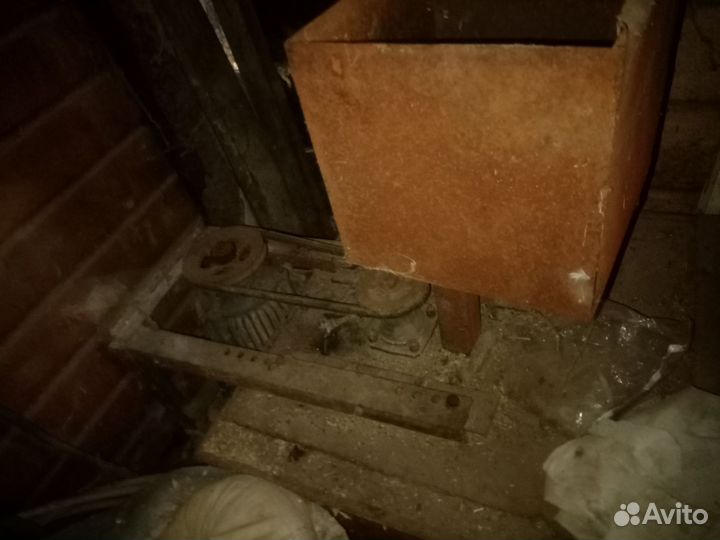 Зернодробилка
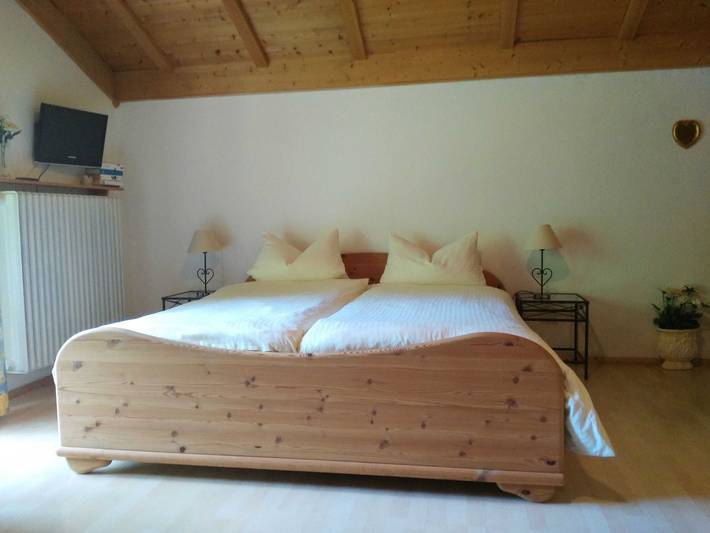 Ferienwohnung für 2 Personen, mit Garten und Terrasse, mit Haustier in Bad Wiessee - 3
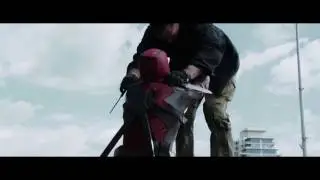 Deadpool Bridge Fight 02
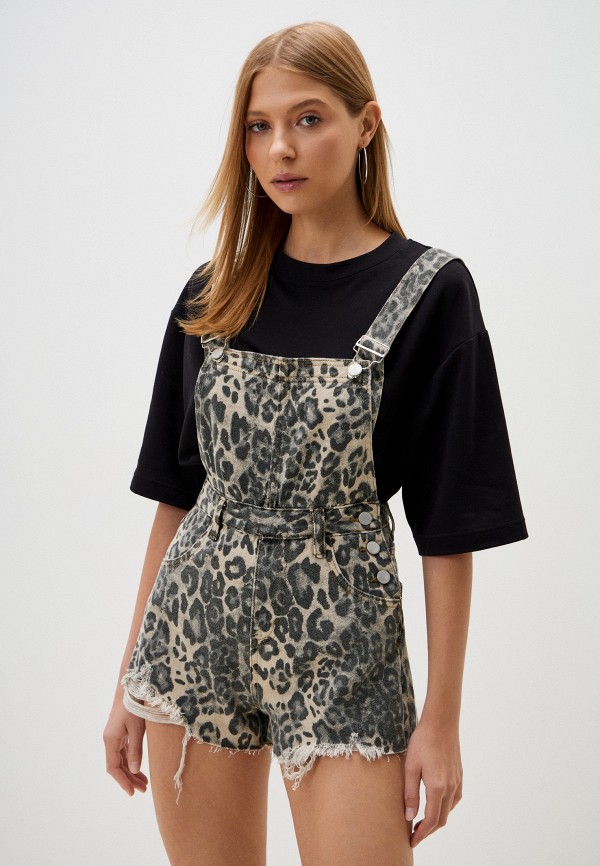 Комбинезон джинсовый Isibris 3500₽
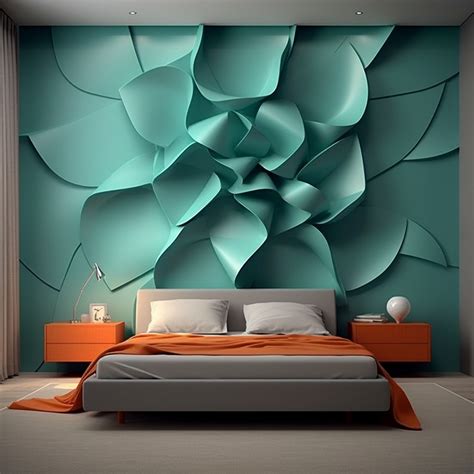 15 Creative Bedroom Wall Painting Design Ideas to Overhaul Your Space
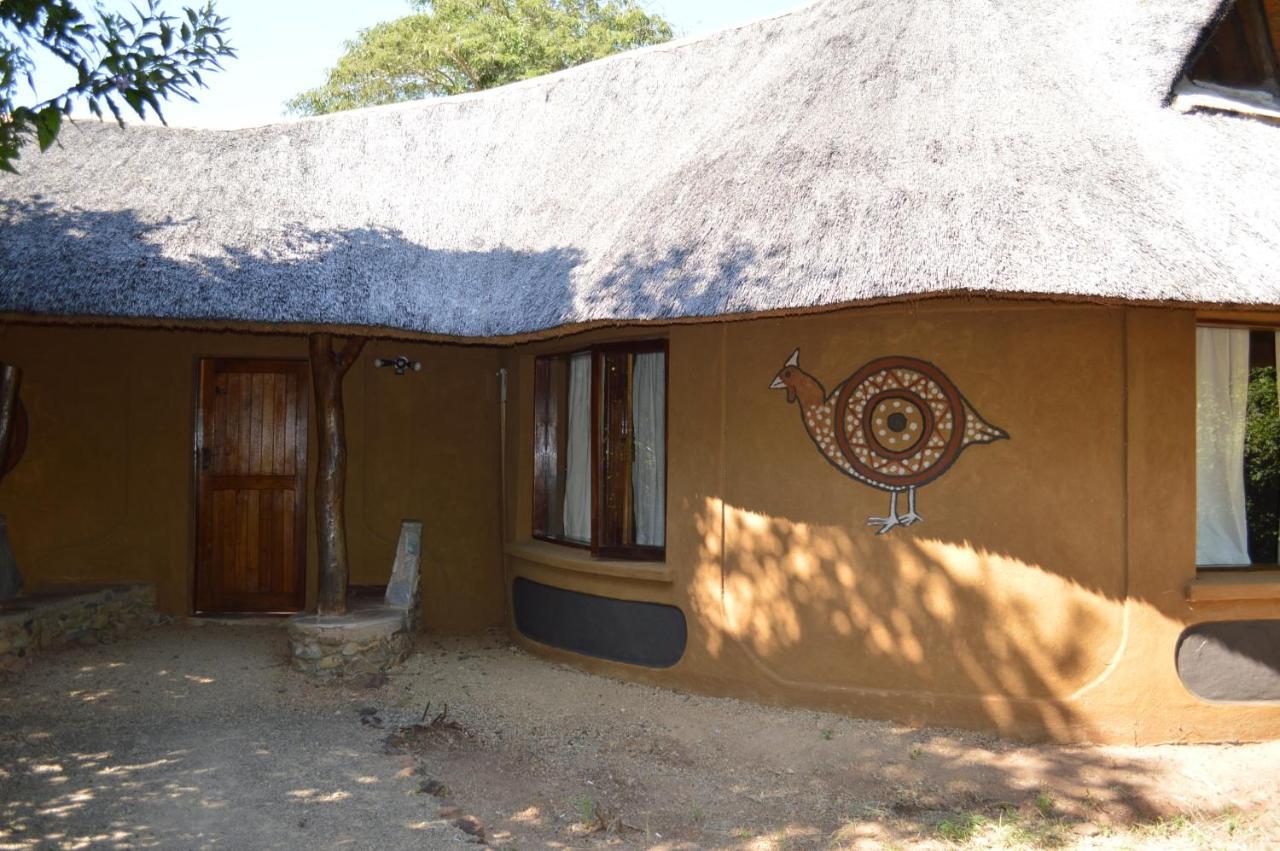 Munga Eco-Lodge Livingstone Ngoại thất bức ảnh
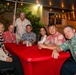 Senior Military Commanders in Guam Host Nimitz House Holiday Party 2024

▸ Work order: What you give back should be the full material above, retyped exactly, with every image removed.

▸ Your solution:
 Зернодробилка
 Ferienwohnung für 2 Personen, mit Garten und Terrasse, mit Haustier in Bad Wiessee - 3
 Deadpool Bridge Fight 02
 Комбинезон джинсовый Isibris 3500₽
 15 Creative Bedroom Wall Painting Design Ideas to Overhaul Your Space
 Munga Eco-Lodge Livingstone Ngoại thất bức ảnh
 Senior Military Commanders in Guam Host Nimitz House Holiday Party 2024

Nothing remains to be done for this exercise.